__WORK TO BE COMPLETED__
Nothing outside the range is to be copied. From the entries below, reproduce exactly the lines starting at the one with "Sakallı genç kel" and ending at the one with "Anonymous person climbing", without pictures.

__MATERIAL PROVIDED__
==*==

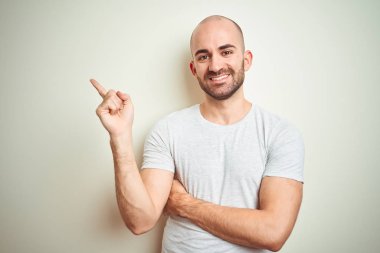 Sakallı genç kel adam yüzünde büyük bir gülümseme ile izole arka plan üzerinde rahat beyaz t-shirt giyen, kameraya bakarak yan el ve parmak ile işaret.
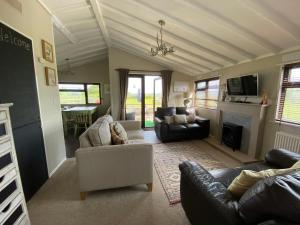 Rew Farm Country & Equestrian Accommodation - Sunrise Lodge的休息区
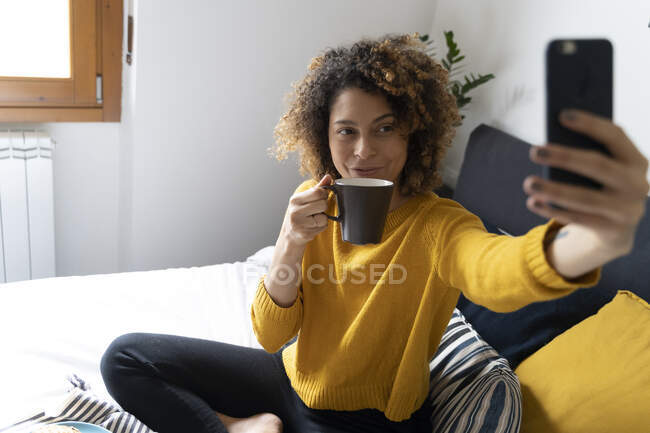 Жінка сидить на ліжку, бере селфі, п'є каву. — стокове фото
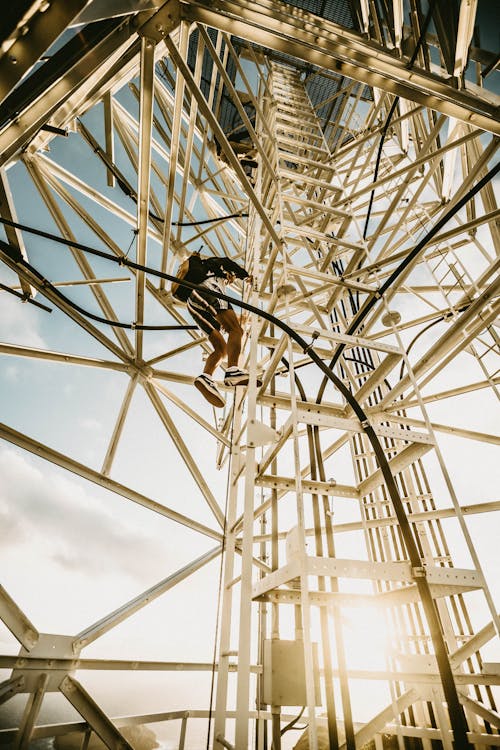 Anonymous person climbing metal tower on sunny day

==*==

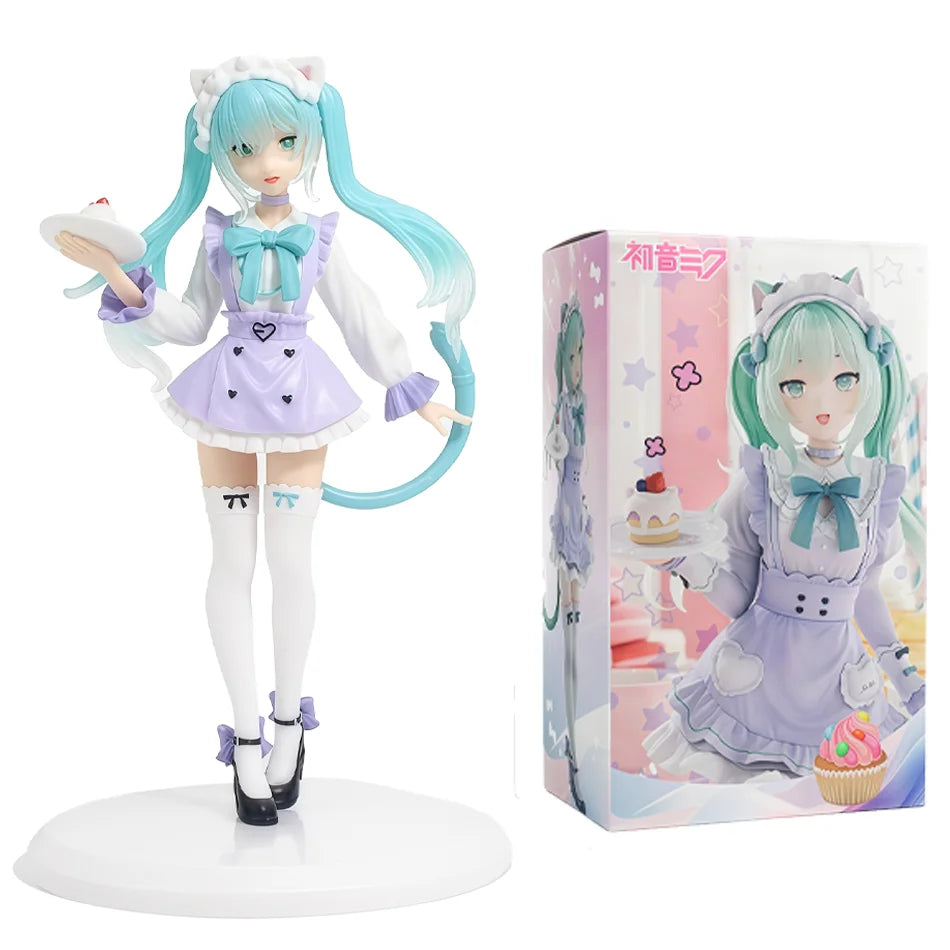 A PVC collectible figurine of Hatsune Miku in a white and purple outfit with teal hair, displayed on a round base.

==*==

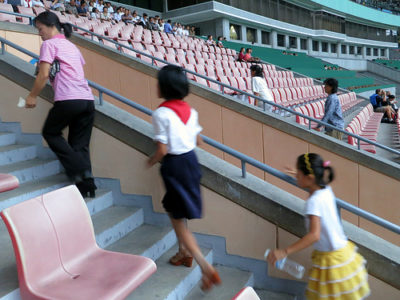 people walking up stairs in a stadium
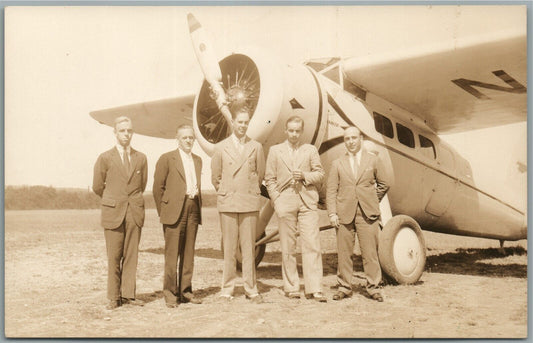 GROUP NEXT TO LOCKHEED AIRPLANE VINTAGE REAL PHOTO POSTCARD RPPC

==*==

__RESPONSE TO THIS TASK__
 Sakallı genç kel adam yüzünde büyük bir gülümseme ile izole arka plan üzerinde rahat beyaz t-shirt giyen, kameraya bakarak yan el ve parmak ile işaret.
 Rew Farm Country & Equestrian Accommodation - Sunrise Lodge的休息区
 Жінка сидить на ліжку, бере селфі, п'є каву. — стокове фото
 Anonymous person climbing metal tower on sunny day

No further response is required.